Treasurys aren’t usually this sexy
Treasurys are in the spotlight. Normally the domain of institutions, national banks, and other sophisticated market participants, the yield ramp on 10-year U.S. debt is now so advanced that even market participants who typically don’t give them a second glance know there’s an historic sell-off. Last week’s global stock market correction in the wake of four-year yield highs only intensified investor scrutiny. The reasons for the dive of U.S. government debt prices are also well known. Furthermore, almost any news point linked to Fed policy, fiscal spending or dollar strength gets mapped against the 10-year yield ascent of 40% since September.

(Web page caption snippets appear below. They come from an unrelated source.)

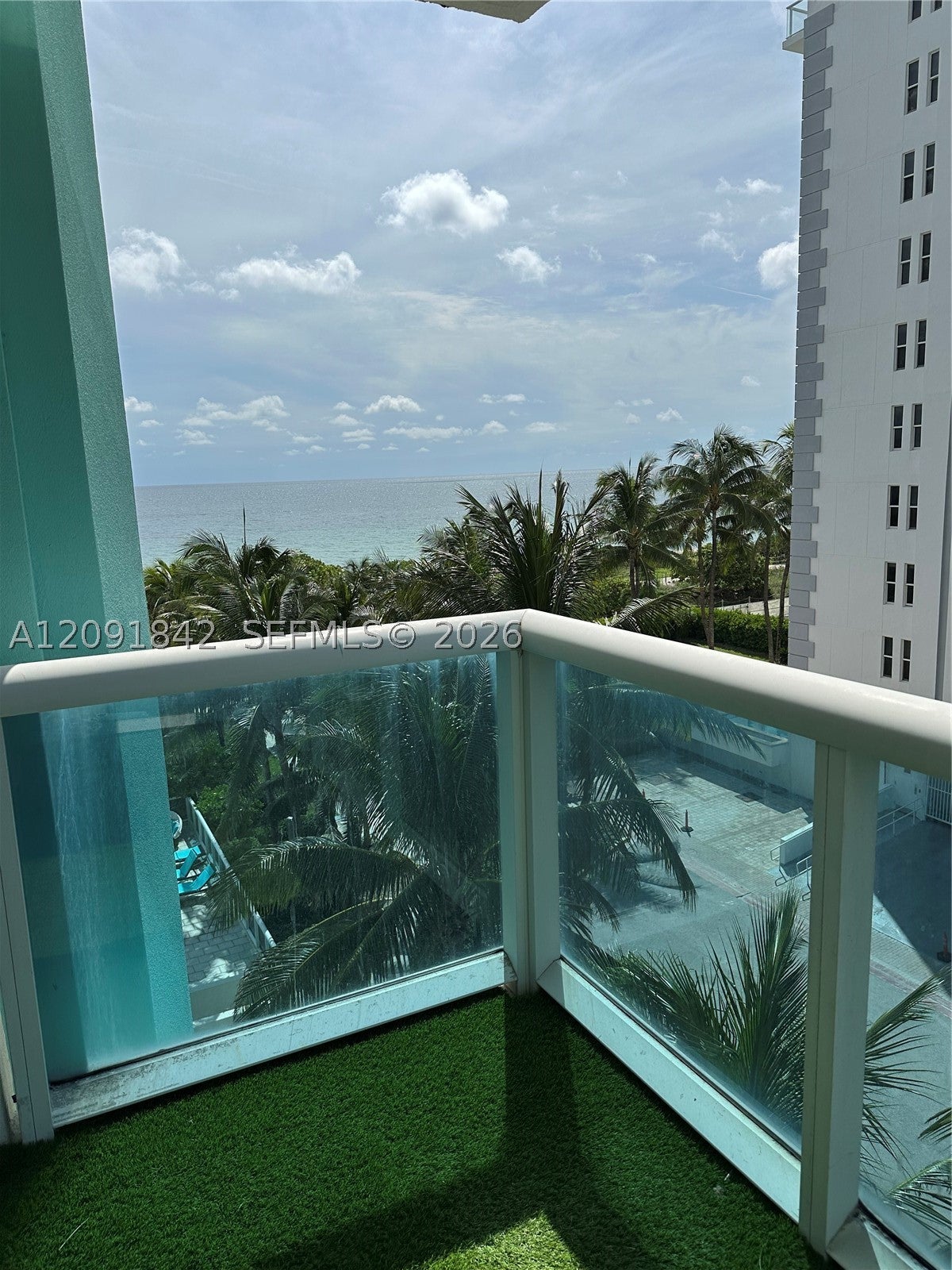 9201 Collins Ave 524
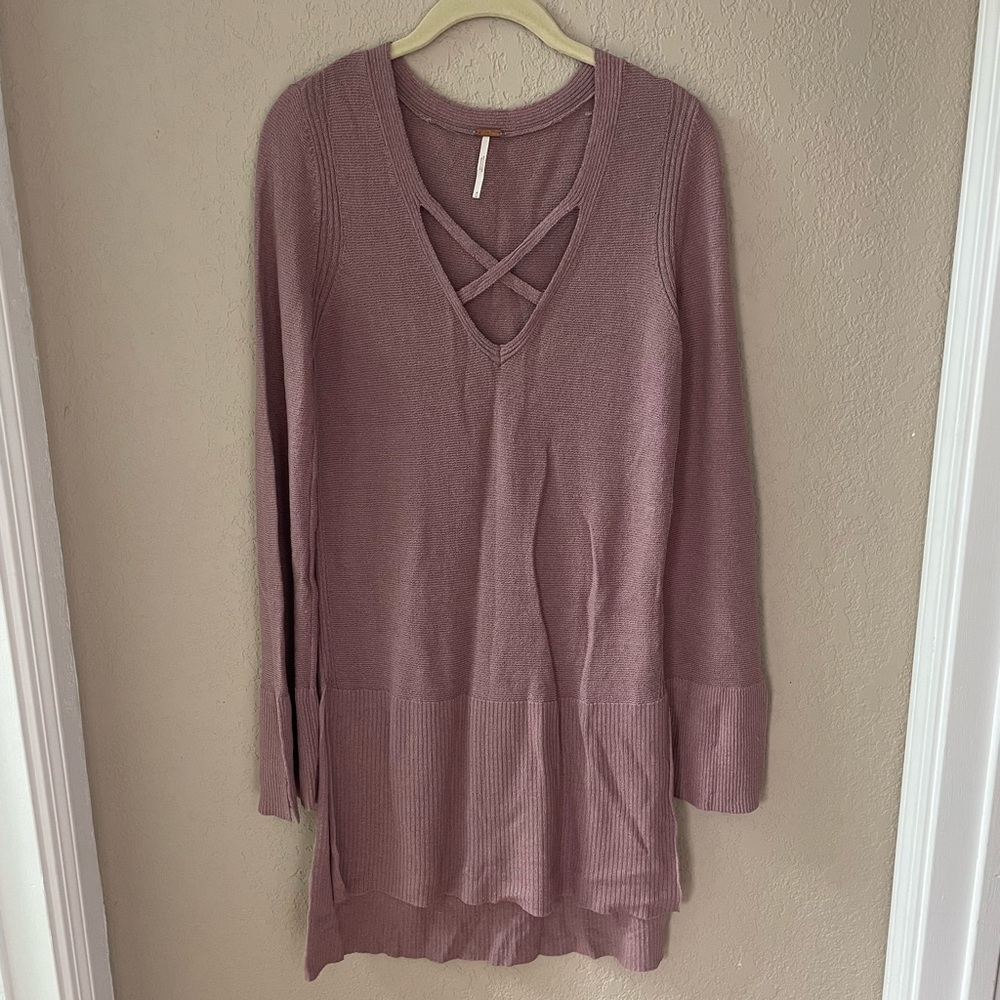 Free People front criss cross sweater - light purple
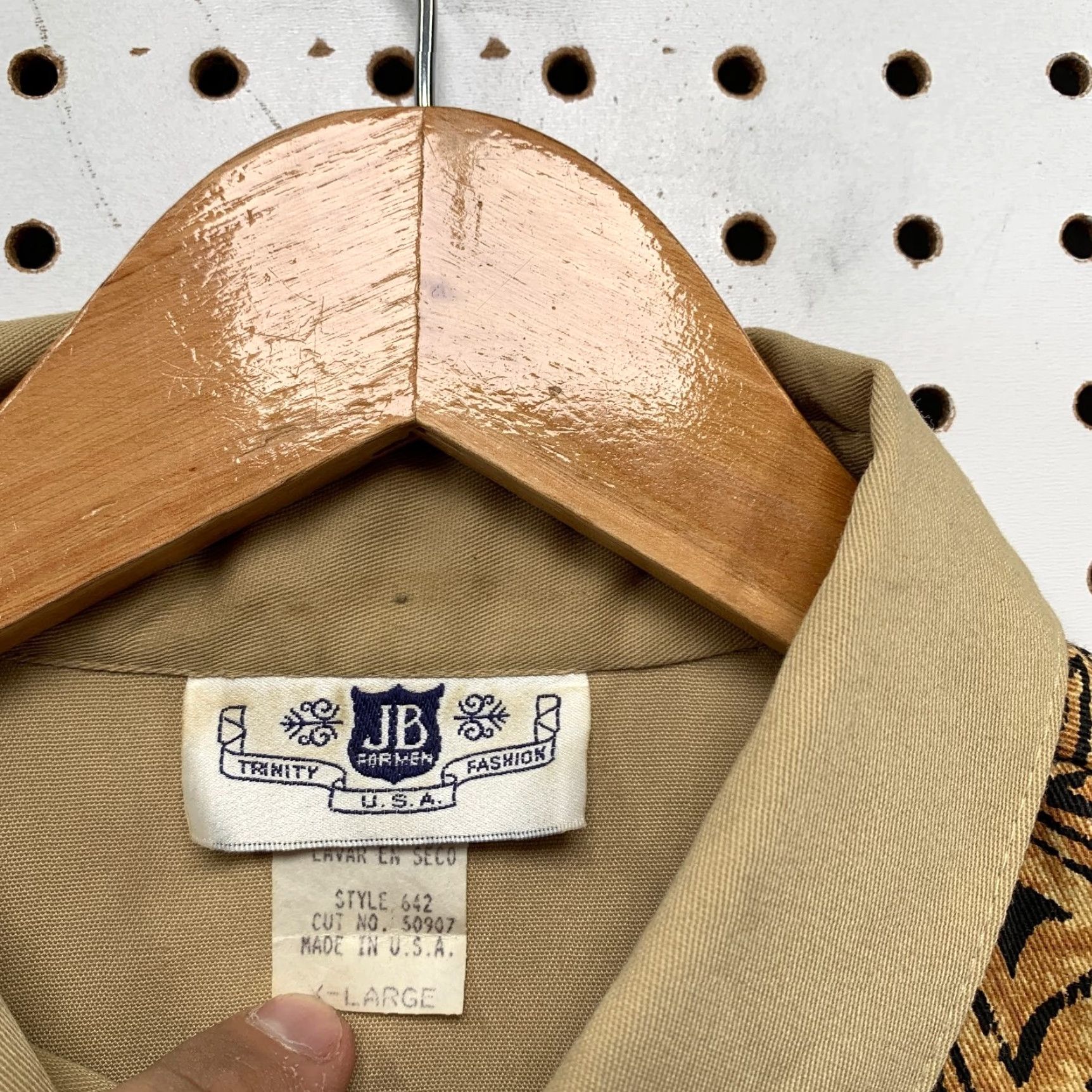 Vintage VINTAGE JB Trinity Western Snap Shirt Mens XL Beige Fringe Up Cowboy Made USA Shirt Mens XL Beige Fringe Western Cowboy 1960s 1970s Mens Size US XL / EU 56 / 4 - 3 Thumbnail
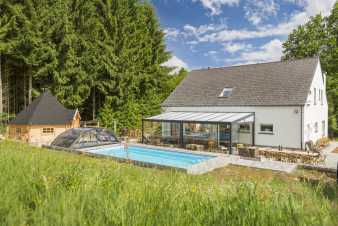 Luxueuse villa avec piscine extrieure pour 14 personnes  Houffalize en Ardenne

There’s currently another yield element keeping investors on the edge of their seats: proximity to the ‘psychological’ round number of 3%. On Monday, the rate hit 2.885%. It had not been as elevated since January 2014. And because prices are sticky close to that top, the probability that 3% will eventually be seen is higher than at any other time since December 2013, when the last 3% print occurred. ‘Psychological’ levels have psychological impacts on the market. These include a ‘feedback loop’ effect. And the charge increases inversely to price (as price gets nearer). Since last week’s equity market rout, we all know the possible outcome of such effects.
At the time of writing on Wednesday, the 10-year yield was at 2.834%. It had cleared a 2.611%-2.676% support zone established before last week’s acceleration. The rate’s high for the day was 2.851%, near Friday’s 2.852% close, suggesting near-term resistance within a fraction of those two values.